Instructions to follow =
From start to end, write out the following data exactly, apart from its images.

Collected data =
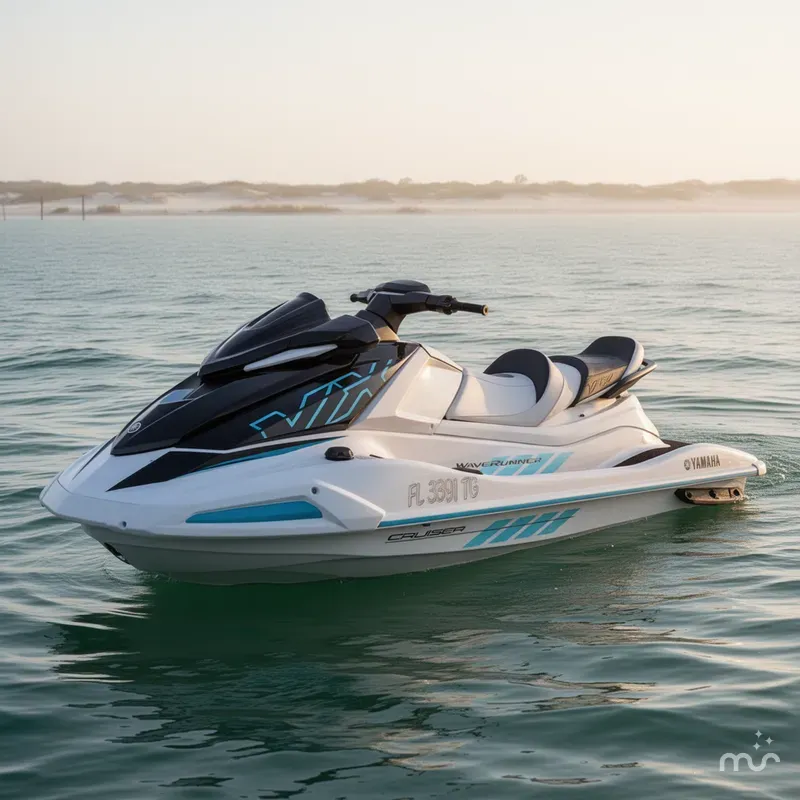 Slide: The Image of Yamaha VX Cruiser 2022 - 1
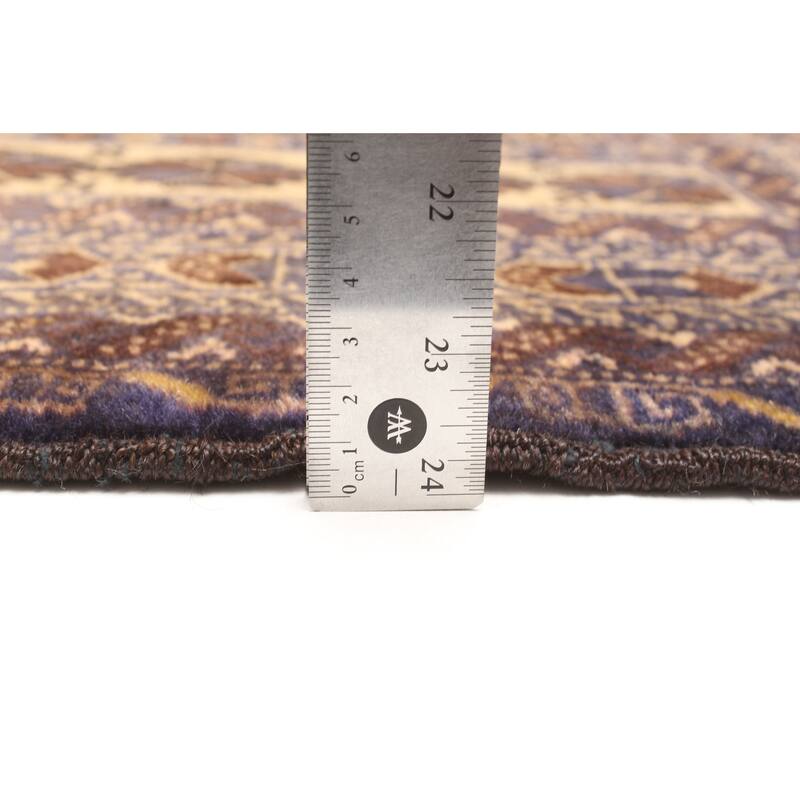 ECARPETGALLERY Hand-knotted Teimani Beige Wool Rug - 2'11 x 4'7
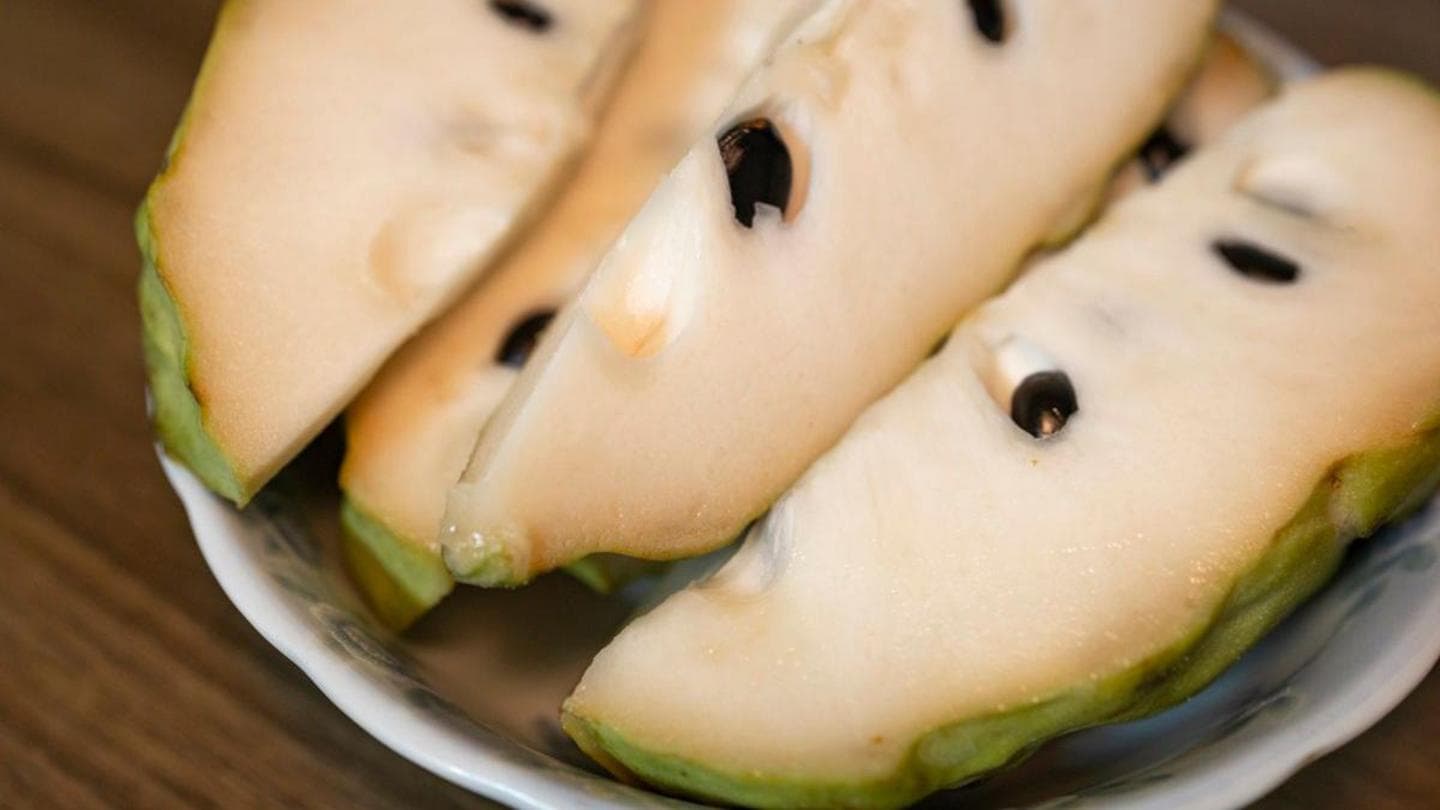 Taiwan Raises Concerns Over China's Import of Atemoya Fruit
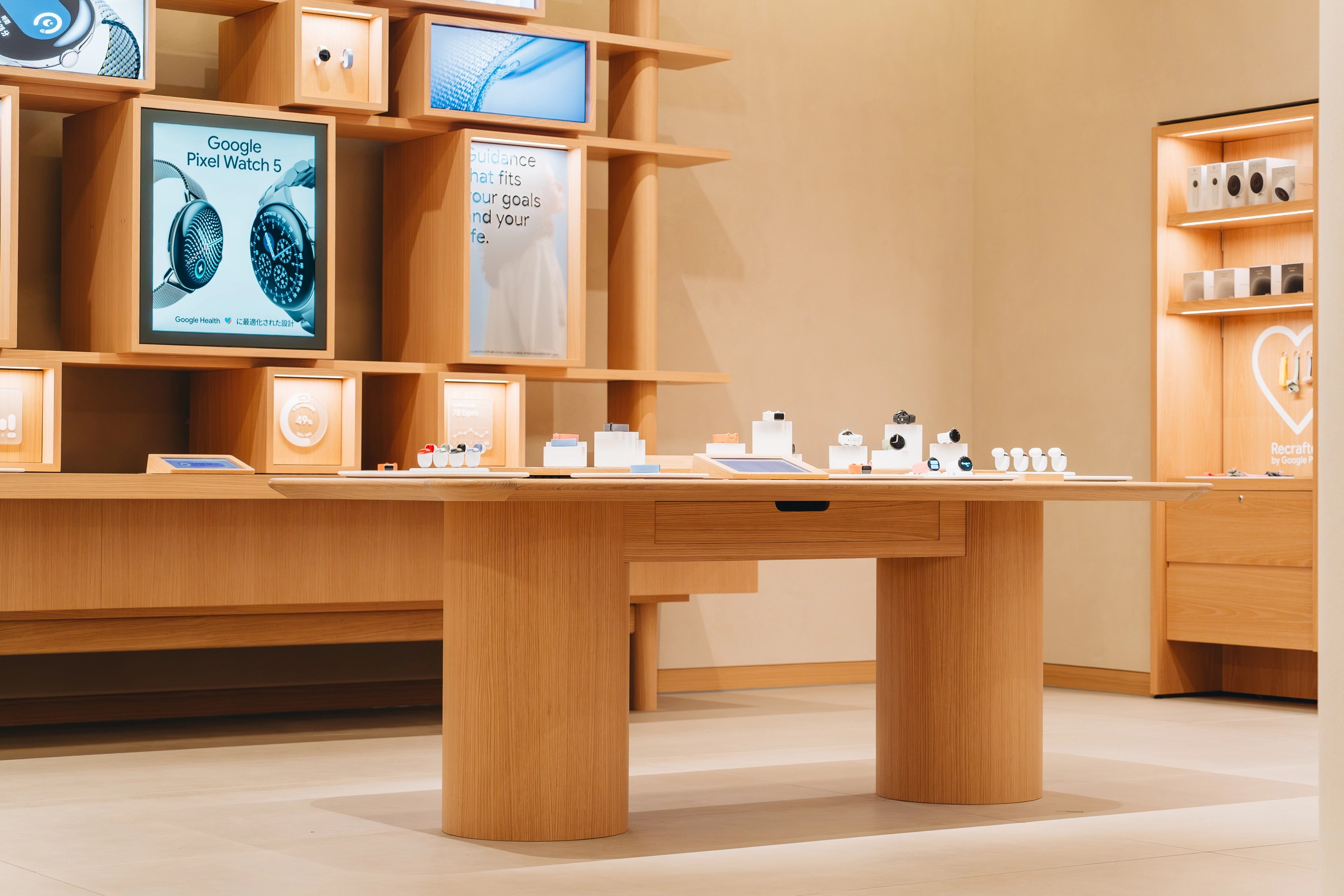 Google Store 表参道フォトレポート。日本とGoogleらしさが溶け込む、米国外初の直営店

Solution for this problem =
 Slide: The Image of Yamaha VX Cruiser 2022 - 1
 ECARPETGALLERY Hand-knotted Teimani Beige Wool Rug - 2'11 x 4'7
 Taiwan Raises Concerns Over China's Import of Atemoya Fruit
 Google Store 表参道フォトレポート。日本とGoogleらしさが溶け込む、米国外初の直営店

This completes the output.